SmallNetBuilder Roaming Testbed
How To Fix Wi-Fi Roaming tried to explain the whys and wherefores of Wi-Fi roaming. The key intended takeaway was that the wireless device, not the AP/router/mesh point, is the biggest factor in how a device moves between APs.
But Wi-Fi marketeers continue to promise "seamless" roaming and frustrated Wi-Fi users continue to believe them, especially when vendors promise their products use special techniques to bend Wi-Fi devices to their will.
So since I always say that data should do the talking, I'm going to show, in detail, how different devices can have entirely different roaming behavior with the same Wi-Fi system.
I decided to use a NETGEAR AC2200 Orbi "mini" (RBK40) for this experiment because I had it on hand and because it supports 802.11k and v roaming assistance standards.
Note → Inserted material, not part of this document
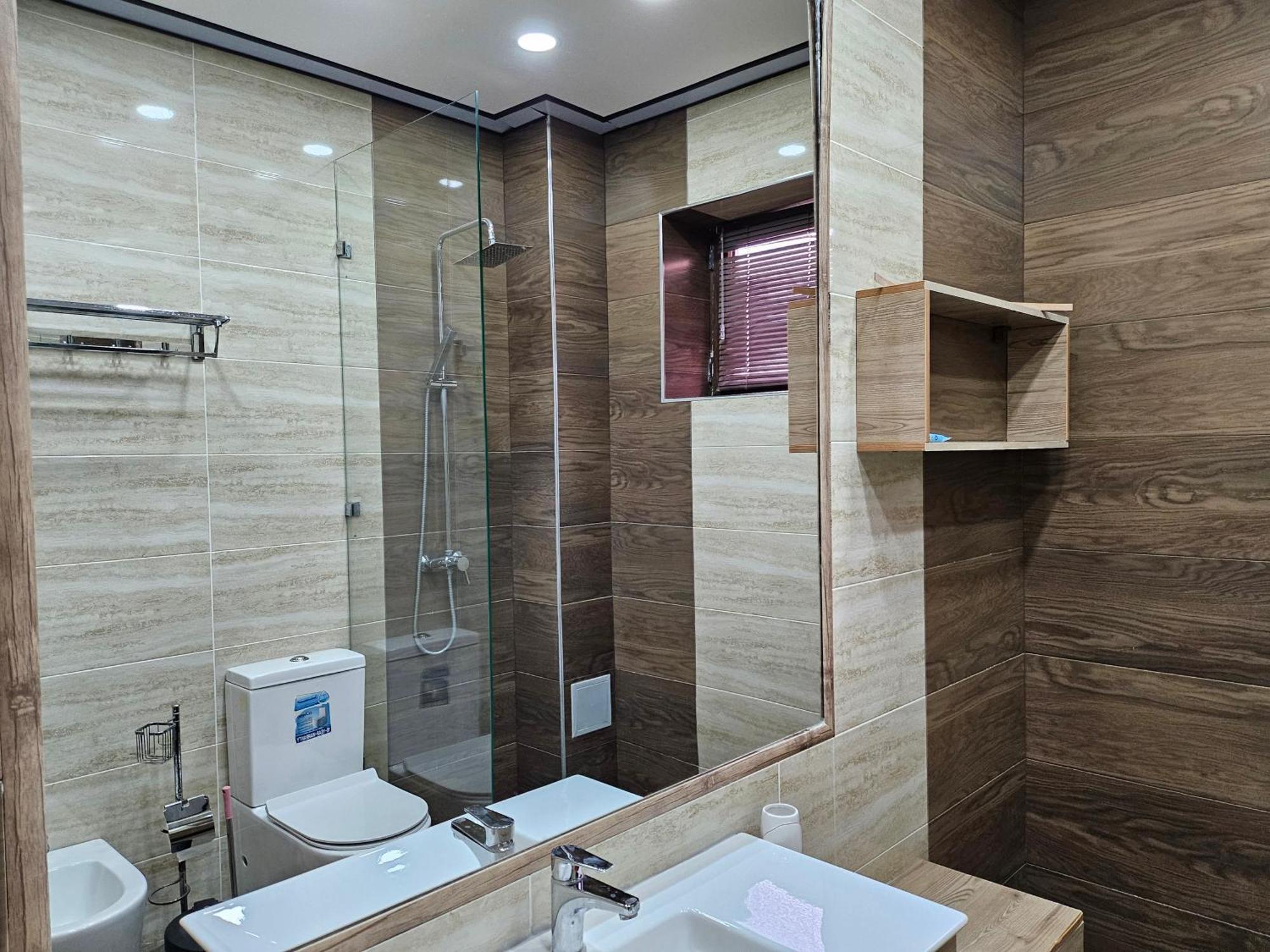Apartments Rohat سمرقند المظهر الخارجي الصورة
So if devices also support either or both these standards, Orbi should be able to help them on their roaming journey. The Router and Satellite backhaul was via Ethernet.
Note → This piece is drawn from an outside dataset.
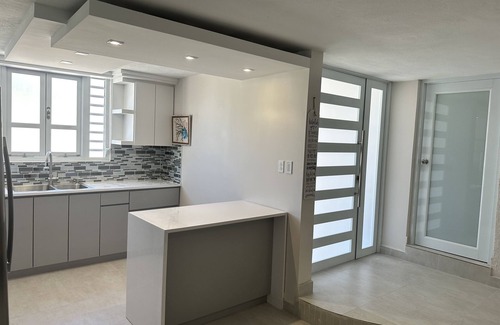 Punta Santiago House | House the Beach Palmira Relax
NETGEAR RBK40 Orbi ("mini") AC2200 Wi-Fi System
For devices, I chose octoScope's Pal-245 partner device, a Windows 10 computer with embedded Wi-Fi adapter and an Android tablet.
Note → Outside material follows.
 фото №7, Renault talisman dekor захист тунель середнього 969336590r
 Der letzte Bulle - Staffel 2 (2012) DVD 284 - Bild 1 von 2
With most devices, roaming behavior is a closely guarded secret; no so with the Pal. The Pal-245 provides a STA with known and controllable roaming behavior. Virtually every aspect of its Wi-Fi functions can be controlled, including # of streams, MCS rate and 802.11 mode (a/b/g/n/ac).
For roaming, threshold RSSI (when to roam), band preference and target threshold RSSI can all be controlled (they are outlined in red below). The only thing I couldn't do was disable its 802.11v support (it doesn't support 11k or r).
octoScope Pal-245 controls
The Lenovo M600 computer with Intel Wireless-AC 8260 internal adapter running Windows 10 Pro 64 bit with latest 188.8.131.52 driver for the adapter were chosen because Microsoft says Windows 10 supports 802.11k,v and r (depending on device driver support, of course) and Intel says the AC-8260 supports 802.11k,v and r.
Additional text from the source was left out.